D. Molti si aspettavano che il Decreto, in quanto attuativo di un programma PNRR che fa riferimento anche al superamento di una progressione retributiva basata solo sull’anzianità di servizio, aprisse la strada a una nuova carriera docente capace di riconoscere sia le differenza di qualità e impegno professionale dei docenti che l’articolazione delle funzioni e dei profili necessari all’ attuazione dell’autonomia. Che bilancio si può fare della discussione parlamentare in proposito, e delle soluzioni che si prefigurano?
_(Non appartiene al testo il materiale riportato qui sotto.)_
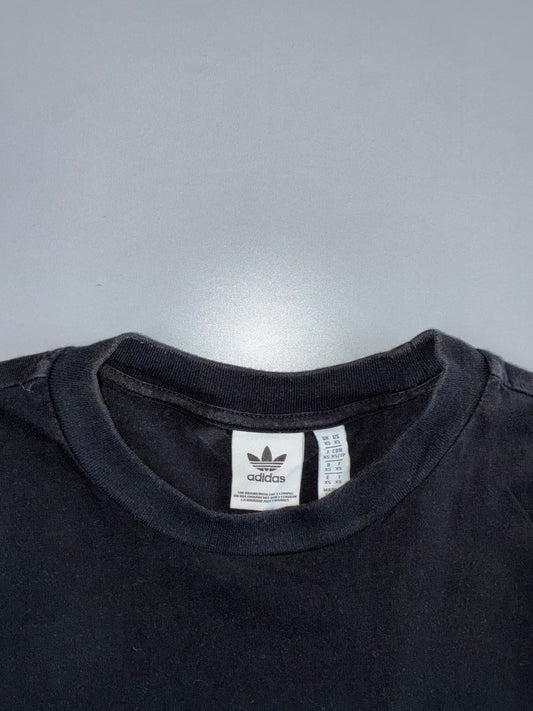 Adidas Originals Washed Black Oversized Tee (L)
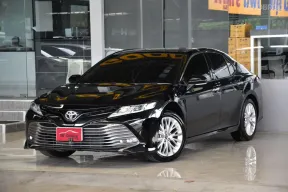 Toyota CAMRY 2.5 G ปี20 ไมล์แท้4*,***โล เข้าศูนย์ตลอด รถบ้านมือเดียว สวยเดิมทั้งคันรับประกัน ฟรีดาวน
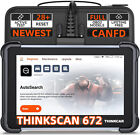     2025 Thiinkcar Thinkscan 672 Pro Auto Diagnostic Tool Full System Active Test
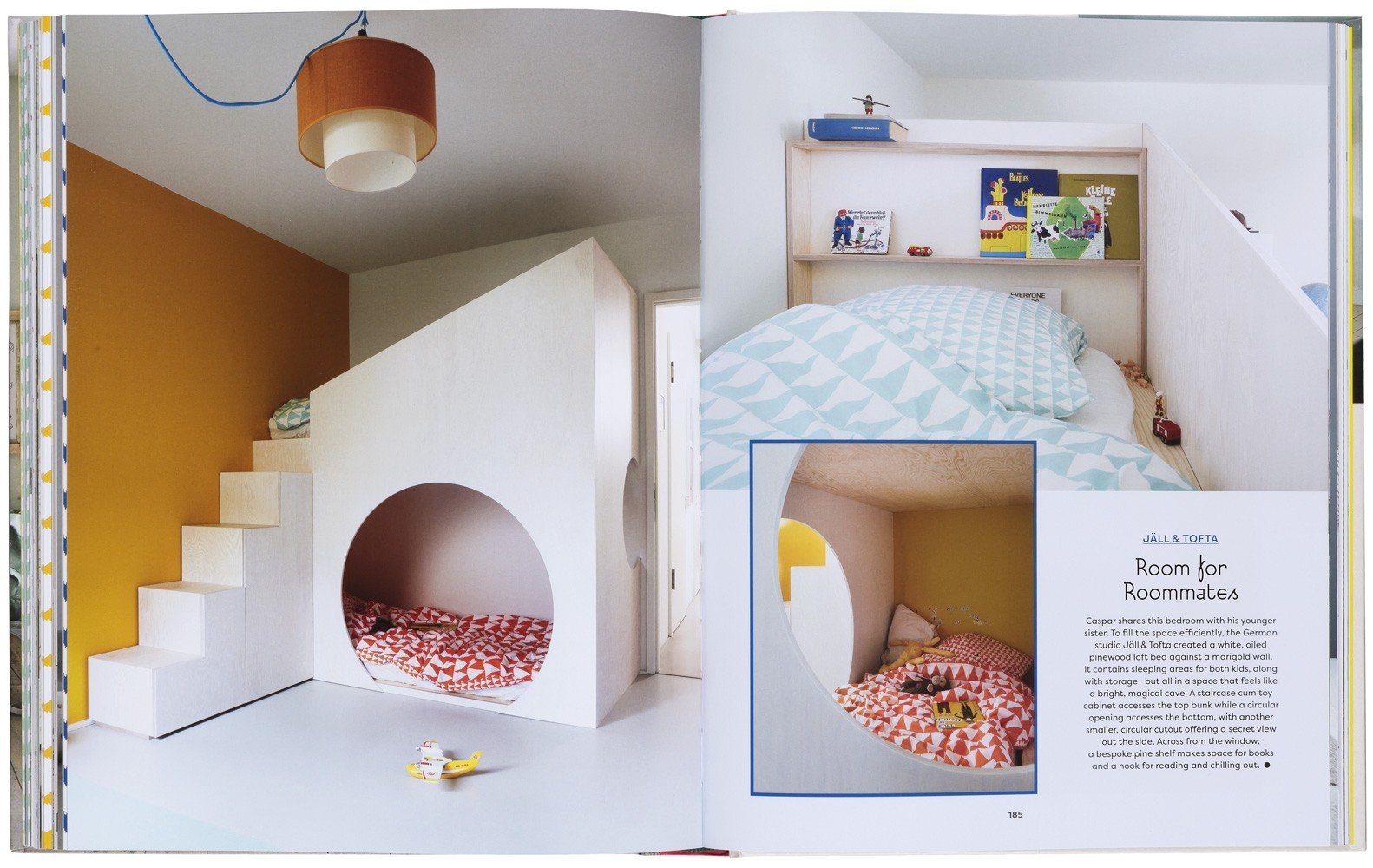 Little Big Rooms: New Nurseries and Rooms To Play In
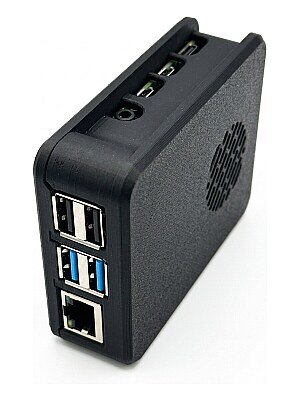 Корпус для Raspberry Pi 4B 10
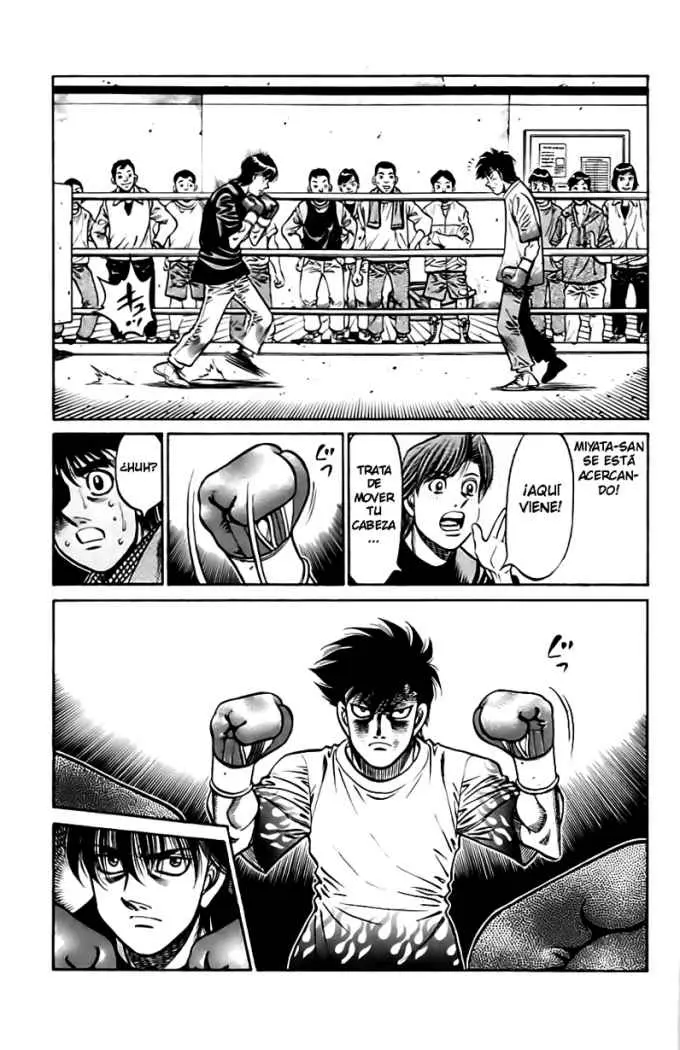 Hajime no Ippo (1989) - Capítulo 810 - Página 7 - LectorTMOo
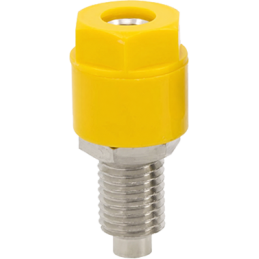 Embase jaune fiche banane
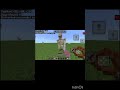 Minecraft secrete fling trick #minecraft #gaming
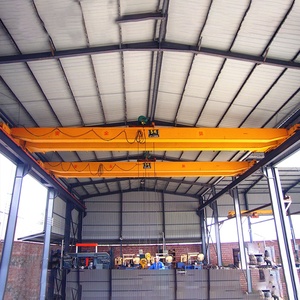 Grúa <span class=keywords><strong>Puente</strong></span> de Doble Viga de Estilo Europeo de 5 Toneladas, 15 Toneladas, 16 Toneladas, 20 Toneladas y 32 Toneladas para Elevación de Materiales - Product Image 5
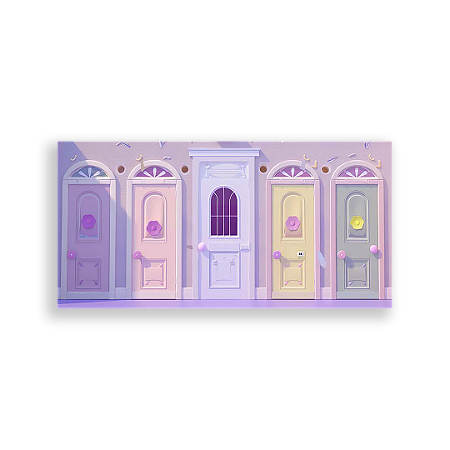 Capa Painel Retangular Sublimado - Monstros Sa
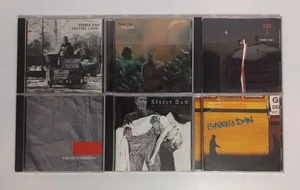 Steely Dan CD Lot: Pretzel Logic-Katy Lied-Aja-Decade of-Alive-Definitive Coll. - Picture 1 of 4
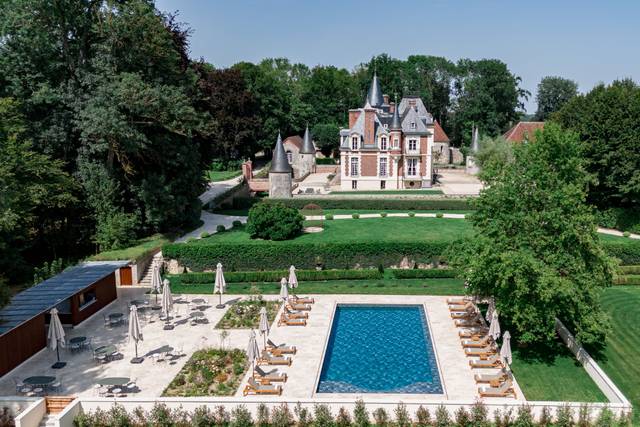 Château de Bonaventure, domaine de mariage à Aulnoy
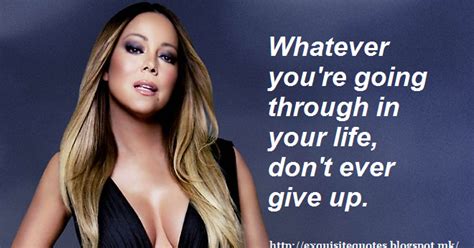 Exquisite Quotes 45 Mariah Carey Quotes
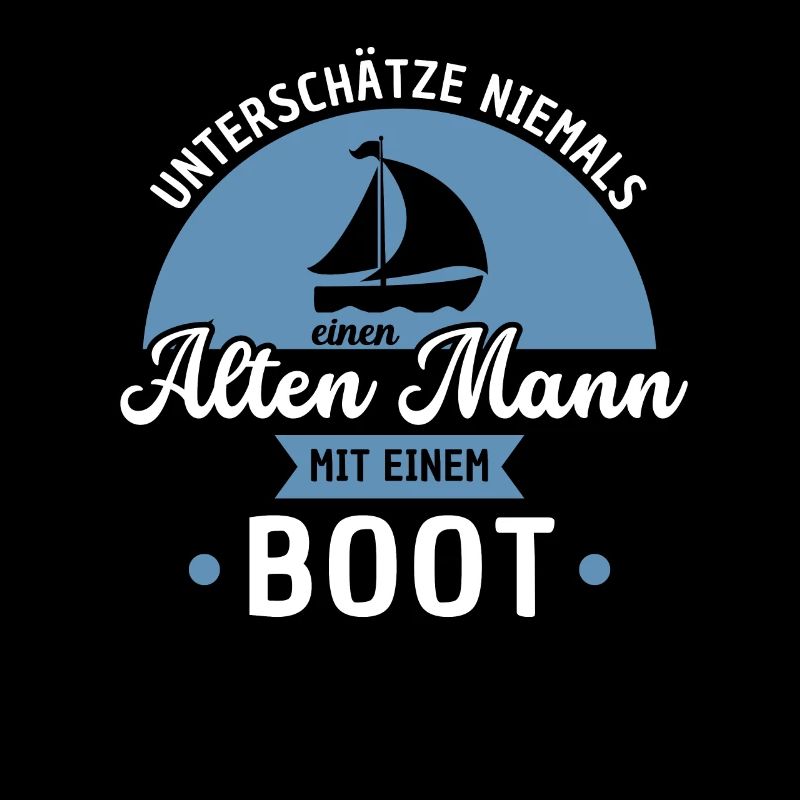 Bootsfahrer Bootfahren Segeln Segler Segelboot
R. Nella sua versione originaria il Decreto in verità non presentava aperture in questa direzione. Il ministro Bianchi, che pure si era più volte pronunciato in questo senso, ha sostenuto in modo assai determinato che l’impegno che ci chiede il PNRR riguarda solo la soluzione dei problemi relativi al reclutamento e un forte investimento sulla formazione, sia iniziale che continua, degli insegnanti. In effetti la prevista incentivazione alla formazione continua è solo un una tantum, in quanto tale senza impatti sulla carriera. Gli emendamenti presentati da diversi partiti, per lo più del centrodestra, che ipotizzavano una carriera docente strutturata su più livelli, non sono stati recepiti, e anche il tentativo che mi ha visto partecipe di far diventare l’incentivo un dispositivo di passaggio anticipato alla posizione stipendiale successiva, che certo non prefigurerebbe di per sé un’altra carriera ma potrebbe essere un passo avanti, ha incontrato non pochi ostacoli. E’ una vecchia storia, sappiamo tutti da dove vengono le contrarietà che da anni impediscono ogni evoluzione positiva in questa direzione, sebbene sia certo che anche per l’assenza di progressioni di carriera diverse dai meccanismi automatici e uguali per tutti dell’anzianità la professione docente ha perso molta della sua capacità di attrazione per chi, in una professione, vuole anche crescere in competenza, responsabilità, retribuzione. Un parere negativo, questa volta, sembra essere venuto anche dal ministero dell’economia. Da parte mia ho cercato almeno, e ci sono riuscita, di includere tra le finalità della Scuola di Alta Formazione, oltre alla priorità della formazione sulle nuove tecnologie e sul loro utilizzo nella didattica, il digitale, il Coding, il superamento della lezione frontale eccetera, (il profilo professionale dei docenti della secondaria cui fanno riferimento le linee ministeriali va superato, è in gran parte roba del secolo scorso), anche percorsi formativi indirizzati alla qualificazione per funzioni di staff, di coordinamento didattico, di progettazione, di leadership condivisa. Sono competenze strategiche per l’autonomia scolastica ed è decisivo che siano di esplicito e stringente riferimento anche per la formazione universitaria, le prove di concorso, l’anno di prova, tutto il percorso di formazione, reclutamento, sviluppo delle competenze attraverso la formazione continua. Ma certo, ancora una volta, si tratta di un’occasione perduta.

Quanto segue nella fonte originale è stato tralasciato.